Les priorités d’action
L’action gouvernementale s’articulera autour des axes d’intervention suivants :
- lancer 4 500 MW de grands projets hydroélectriques nouveaux;
- une fois nos besoins comblés, accroître les exportations d’électricité;
- utiliser notre avantage tarifaire afin de renforcer le Québec;
- limiter la place de l’énergie nucléaire au Québec, grâce au développement hydroélectrique.
En lançant 4 500 MW de projets hydroélectriques nouveaux, le gouvernement met en œuvre une vision du développement hydroélectrique fondée sur le développement durable.

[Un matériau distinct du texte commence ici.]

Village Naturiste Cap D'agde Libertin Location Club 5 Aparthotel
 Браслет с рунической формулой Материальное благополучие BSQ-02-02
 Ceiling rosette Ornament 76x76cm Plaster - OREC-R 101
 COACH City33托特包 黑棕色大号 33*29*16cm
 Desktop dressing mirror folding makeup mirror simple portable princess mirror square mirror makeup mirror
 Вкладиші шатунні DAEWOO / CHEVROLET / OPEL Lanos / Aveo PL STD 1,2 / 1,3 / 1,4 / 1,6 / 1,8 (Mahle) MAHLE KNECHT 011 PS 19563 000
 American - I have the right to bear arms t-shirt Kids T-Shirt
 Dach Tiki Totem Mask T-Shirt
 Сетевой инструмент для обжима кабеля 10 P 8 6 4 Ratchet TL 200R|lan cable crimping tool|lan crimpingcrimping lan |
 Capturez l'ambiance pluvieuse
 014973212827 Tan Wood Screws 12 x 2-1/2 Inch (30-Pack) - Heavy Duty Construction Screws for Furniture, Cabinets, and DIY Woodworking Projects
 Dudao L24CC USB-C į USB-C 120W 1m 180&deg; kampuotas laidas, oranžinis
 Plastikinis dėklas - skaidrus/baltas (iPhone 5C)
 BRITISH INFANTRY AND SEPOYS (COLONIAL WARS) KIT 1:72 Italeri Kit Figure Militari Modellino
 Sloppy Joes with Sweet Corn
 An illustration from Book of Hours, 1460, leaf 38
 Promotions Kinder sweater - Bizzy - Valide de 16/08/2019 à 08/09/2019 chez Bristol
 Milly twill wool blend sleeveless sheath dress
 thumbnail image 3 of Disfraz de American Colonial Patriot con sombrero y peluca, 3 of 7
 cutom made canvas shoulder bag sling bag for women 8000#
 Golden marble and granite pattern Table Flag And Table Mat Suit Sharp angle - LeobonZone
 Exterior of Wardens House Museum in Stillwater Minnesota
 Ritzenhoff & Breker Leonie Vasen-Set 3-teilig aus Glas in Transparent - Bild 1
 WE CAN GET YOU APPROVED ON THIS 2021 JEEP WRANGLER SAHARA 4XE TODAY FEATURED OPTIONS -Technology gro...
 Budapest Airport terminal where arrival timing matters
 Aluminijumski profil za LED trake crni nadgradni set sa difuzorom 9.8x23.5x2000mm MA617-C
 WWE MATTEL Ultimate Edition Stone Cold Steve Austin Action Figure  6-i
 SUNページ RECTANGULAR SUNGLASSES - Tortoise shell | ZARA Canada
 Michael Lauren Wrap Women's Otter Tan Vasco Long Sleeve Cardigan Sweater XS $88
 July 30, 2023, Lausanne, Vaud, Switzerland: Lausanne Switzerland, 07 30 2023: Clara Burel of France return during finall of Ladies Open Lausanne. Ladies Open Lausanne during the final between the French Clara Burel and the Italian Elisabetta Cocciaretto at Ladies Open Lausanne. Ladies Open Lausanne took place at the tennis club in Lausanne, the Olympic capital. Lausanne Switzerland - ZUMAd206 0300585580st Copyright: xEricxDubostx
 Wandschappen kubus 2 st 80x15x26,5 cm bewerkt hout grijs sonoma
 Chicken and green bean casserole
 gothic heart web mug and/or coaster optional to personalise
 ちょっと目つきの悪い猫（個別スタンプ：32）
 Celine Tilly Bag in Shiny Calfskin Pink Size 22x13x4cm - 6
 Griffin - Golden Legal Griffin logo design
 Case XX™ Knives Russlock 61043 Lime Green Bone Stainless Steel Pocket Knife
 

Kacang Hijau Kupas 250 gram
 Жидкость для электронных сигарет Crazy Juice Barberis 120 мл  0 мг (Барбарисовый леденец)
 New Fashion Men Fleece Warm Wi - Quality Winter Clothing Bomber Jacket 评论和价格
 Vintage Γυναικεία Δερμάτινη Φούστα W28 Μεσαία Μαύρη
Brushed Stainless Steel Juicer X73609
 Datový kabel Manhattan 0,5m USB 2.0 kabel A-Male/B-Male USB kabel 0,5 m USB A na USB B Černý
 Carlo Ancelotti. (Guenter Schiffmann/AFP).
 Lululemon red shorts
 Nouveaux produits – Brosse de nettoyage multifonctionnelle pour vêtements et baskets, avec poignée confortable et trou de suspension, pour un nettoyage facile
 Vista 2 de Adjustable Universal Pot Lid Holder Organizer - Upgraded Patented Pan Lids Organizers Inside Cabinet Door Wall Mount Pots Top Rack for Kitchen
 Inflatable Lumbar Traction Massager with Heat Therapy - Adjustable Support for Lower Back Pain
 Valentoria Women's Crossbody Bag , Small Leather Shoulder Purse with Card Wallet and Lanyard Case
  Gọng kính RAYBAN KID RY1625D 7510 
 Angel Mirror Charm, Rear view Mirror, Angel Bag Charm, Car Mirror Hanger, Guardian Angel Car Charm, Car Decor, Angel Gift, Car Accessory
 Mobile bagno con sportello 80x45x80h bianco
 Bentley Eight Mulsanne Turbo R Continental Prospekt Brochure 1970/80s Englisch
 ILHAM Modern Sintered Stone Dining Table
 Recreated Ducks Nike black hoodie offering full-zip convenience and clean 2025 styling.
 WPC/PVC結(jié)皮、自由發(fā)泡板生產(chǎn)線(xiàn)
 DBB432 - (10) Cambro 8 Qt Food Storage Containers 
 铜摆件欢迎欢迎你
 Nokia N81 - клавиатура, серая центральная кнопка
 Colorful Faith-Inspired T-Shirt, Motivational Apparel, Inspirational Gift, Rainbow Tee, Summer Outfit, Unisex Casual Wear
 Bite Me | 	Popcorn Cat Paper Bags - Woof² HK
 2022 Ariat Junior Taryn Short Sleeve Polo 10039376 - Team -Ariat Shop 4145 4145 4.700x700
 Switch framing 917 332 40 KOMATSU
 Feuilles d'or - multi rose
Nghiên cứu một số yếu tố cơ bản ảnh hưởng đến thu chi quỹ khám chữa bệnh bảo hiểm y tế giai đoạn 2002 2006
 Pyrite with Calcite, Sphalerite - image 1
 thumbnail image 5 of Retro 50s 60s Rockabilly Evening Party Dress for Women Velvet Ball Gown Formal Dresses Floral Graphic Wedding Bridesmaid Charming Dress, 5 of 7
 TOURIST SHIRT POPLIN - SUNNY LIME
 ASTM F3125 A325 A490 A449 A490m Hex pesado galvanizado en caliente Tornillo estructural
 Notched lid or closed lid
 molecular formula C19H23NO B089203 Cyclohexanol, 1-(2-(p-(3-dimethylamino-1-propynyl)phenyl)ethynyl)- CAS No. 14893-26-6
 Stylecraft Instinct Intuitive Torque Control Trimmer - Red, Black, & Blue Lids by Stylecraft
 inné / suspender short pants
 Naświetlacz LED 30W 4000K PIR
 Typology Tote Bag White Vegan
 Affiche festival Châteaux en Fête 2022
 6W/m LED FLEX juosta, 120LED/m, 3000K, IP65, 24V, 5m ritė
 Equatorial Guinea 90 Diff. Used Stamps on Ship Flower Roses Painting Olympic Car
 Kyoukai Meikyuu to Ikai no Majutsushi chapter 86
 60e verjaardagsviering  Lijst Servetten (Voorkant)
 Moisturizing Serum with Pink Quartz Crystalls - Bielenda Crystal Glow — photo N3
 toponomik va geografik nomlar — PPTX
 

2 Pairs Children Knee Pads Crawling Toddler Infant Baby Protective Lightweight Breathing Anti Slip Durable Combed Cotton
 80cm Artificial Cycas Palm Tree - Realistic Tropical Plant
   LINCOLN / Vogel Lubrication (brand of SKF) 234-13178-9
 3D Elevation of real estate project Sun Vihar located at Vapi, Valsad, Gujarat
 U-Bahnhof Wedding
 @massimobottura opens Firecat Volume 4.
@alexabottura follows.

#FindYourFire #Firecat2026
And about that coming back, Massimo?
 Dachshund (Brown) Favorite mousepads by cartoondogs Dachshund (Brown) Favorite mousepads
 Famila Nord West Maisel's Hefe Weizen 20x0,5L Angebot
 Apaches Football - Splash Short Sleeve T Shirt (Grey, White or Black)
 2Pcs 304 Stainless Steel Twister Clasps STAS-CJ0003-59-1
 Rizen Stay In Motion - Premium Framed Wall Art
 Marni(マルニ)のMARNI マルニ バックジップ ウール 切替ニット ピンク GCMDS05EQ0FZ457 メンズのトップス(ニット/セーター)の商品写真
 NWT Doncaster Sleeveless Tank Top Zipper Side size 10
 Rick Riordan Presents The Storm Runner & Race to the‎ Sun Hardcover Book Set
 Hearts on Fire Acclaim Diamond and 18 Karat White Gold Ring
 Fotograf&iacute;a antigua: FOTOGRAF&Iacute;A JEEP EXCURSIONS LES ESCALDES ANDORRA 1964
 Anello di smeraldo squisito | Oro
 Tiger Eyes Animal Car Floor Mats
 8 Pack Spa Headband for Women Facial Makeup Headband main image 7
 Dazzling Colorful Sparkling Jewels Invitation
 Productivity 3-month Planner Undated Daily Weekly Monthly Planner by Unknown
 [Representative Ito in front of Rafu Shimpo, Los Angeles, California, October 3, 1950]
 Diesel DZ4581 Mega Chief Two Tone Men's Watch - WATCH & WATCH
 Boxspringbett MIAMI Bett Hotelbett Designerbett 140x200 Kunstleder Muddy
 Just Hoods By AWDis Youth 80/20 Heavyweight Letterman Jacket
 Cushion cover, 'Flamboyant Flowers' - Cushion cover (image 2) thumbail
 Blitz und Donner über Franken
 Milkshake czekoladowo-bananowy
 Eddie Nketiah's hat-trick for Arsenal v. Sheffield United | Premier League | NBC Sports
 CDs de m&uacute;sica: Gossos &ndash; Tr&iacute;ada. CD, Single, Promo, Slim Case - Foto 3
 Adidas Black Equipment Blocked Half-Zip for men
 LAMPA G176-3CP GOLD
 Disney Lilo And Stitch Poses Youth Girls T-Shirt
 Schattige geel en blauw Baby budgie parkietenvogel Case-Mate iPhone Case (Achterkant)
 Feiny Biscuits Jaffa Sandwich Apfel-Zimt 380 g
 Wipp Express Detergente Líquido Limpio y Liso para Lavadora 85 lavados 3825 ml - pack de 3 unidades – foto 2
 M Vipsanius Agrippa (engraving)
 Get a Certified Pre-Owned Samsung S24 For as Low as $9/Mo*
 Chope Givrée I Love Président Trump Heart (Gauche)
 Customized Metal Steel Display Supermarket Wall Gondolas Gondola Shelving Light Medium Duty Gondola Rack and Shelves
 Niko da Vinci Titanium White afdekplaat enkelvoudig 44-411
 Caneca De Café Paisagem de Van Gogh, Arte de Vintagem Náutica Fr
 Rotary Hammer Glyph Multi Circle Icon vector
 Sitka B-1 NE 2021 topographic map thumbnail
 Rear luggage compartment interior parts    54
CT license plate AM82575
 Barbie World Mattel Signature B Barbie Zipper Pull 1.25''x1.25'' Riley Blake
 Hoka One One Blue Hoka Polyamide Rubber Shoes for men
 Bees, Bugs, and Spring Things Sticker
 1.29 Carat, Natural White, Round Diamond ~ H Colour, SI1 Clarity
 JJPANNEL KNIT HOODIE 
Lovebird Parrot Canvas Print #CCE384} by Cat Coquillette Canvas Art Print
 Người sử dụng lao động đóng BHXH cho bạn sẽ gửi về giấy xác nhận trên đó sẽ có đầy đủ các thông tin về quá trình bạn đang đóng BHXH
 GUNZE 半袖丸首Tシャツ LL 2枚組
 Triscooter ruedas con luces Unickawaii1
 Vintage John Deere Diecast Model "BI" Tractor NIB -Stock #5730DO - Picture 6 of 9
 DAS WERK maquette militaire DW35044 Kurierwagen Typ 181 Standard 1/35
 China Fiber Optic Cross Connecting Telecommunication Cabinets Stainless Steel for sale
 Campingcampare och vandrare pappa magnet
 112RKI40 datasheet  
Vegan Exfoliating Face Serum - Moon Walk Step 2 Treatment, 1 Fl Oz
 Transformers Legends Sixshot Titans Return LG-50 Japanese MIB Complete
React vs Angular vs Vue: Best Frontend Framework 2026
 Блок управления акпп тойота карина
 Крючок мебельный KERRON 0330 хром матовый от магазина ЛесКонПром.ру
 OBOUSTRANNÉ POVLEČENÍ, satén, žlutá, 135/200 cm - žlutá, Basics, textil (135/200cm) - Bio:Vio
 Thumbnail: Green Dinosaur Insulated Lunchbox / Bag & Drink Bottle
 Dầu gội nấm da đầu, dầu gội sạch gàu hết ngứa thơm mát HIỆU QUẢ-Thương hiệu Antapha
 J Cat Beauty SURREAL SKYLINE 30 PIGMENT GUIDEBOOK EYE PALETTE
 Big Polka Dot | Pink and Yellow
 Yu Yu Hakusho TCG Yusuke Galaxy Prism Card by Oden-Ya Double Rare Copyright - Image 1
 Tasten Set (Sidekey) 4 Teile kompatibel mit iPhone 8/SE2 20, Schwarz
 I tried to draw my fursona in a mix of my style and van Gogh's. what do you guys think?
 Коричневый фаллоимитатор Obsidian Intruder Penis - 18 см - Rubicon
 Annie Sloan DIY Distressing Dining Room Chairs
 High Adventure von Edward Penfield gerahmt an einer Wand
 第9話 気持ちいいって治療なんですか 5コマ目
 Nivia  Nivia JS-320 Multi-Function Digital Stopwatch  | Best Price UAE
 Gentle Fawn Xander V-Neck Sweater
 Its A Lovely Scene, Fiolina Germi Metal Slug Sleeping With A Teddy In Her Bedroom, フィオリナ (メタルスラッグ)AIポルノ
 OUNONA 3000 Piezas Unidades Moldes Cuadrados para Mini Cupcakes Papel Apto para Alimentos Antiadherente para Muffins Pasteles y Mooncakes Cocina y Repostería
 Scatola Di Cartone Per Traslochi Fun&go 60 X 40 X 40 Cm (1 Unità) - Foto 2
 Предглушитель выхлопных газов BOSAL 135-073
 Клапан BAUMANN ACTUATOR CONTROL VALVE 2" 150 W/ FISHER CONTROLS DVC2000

- La stratégie retenue est ambitieuse. Avec des projets représentant 4 500 MW et des investissements nouveaux de l’ordre de 25 milliards de dollars et la création d’environ 70 000 emplois, le Québec vivra un rythme de développement équivalant à celui de la deuxième phase de la Baie-James.
- Cette stratégie profitera aux régions du Québec. Elle sera mise en œuvre en collaboration avec les nations autochtones.
- La démarche retenue pour les grands projets hydroélectriques est marquée au sceau de l’innovation et de l’audace. Elle conduira à bâtir un important « portefeuille » de projets, en réduisant globalement les délais de réalisation sans compromettre d’aucune façon la rigueur des analyses nécessaires ou la solidité des négociations préalables.
- La stratégie de relance et d’accélération de l’aménagement hydroélectrique contribuera par ailleurs directement à la lutte contre les changements climatiques et en particulier au développement durable du nord-est américain.